#### TASK OBJECTIVE:
Copy the records word for word. Pictures do not go in.

#### DATA SUPPLIED:
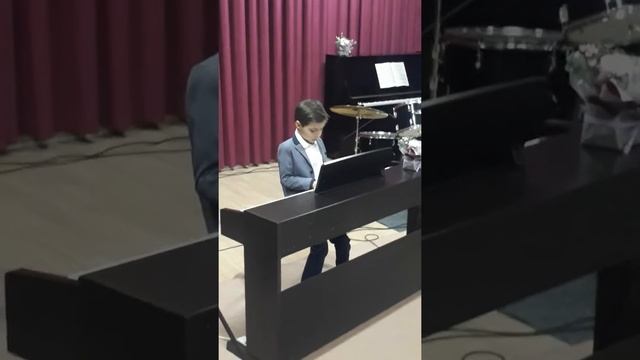 Р. Шуман "Смелый наездник" смотреть онлайн
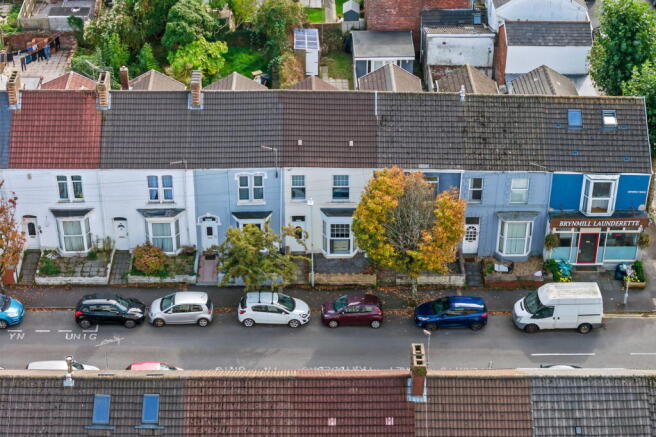 4 bed property, in Rhyddings Terrace, £230,000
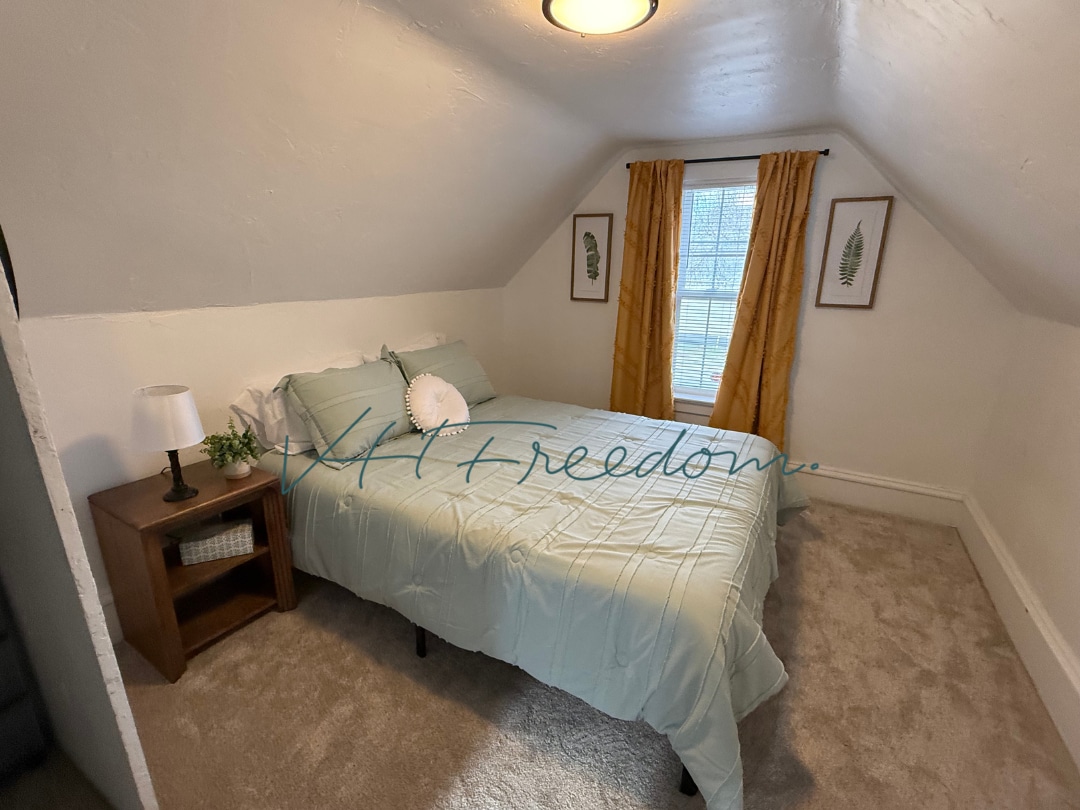 Building Photo - 826 7th Ave N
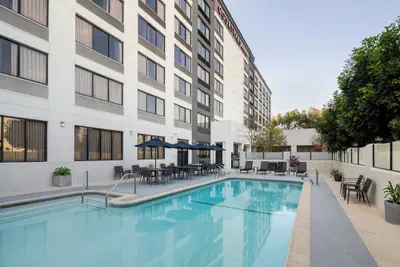 Photo 2 - Courtyard by Marriott Cypress Anaheim/Orange County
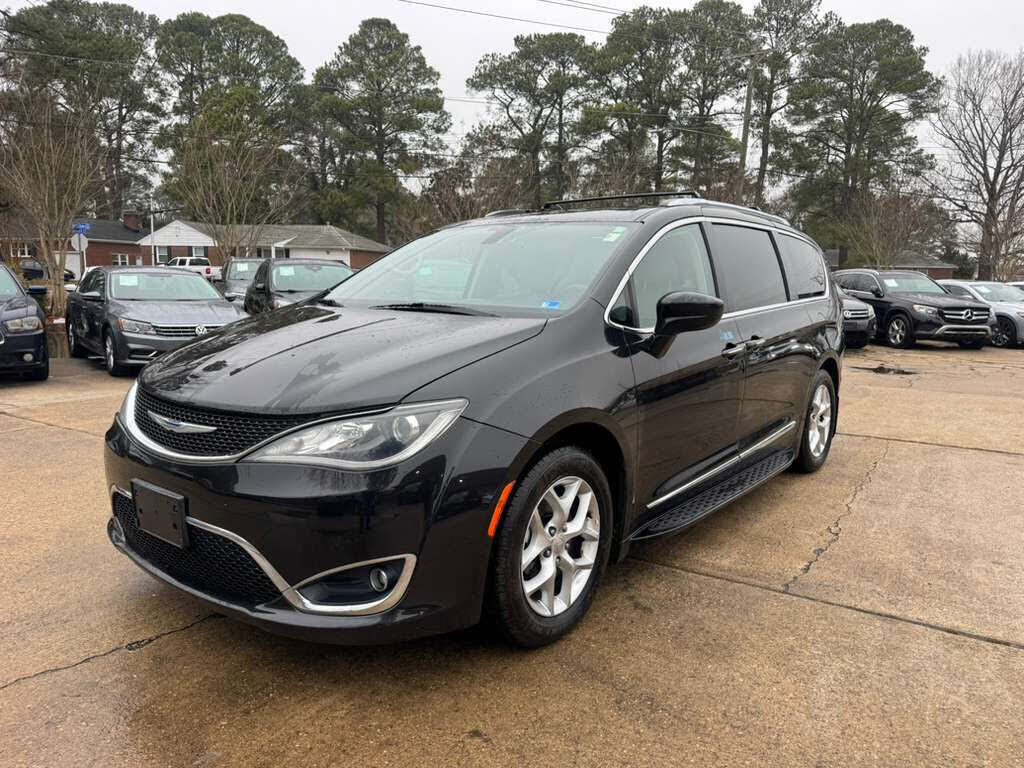 2018 CHRYSLER Pacifica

#### YOUR RESPONSE:
 Р. Шуман "Смелый наездник" смотреть онлайн
 4 bed property, in Rhyddings Terrace, £230,000
 Building Photo - 826 7th Ave N
 Photo 2 - Courtyard by Marriott Cypress Anaheim/Orange County
 2018 CHRYSLER Pacifica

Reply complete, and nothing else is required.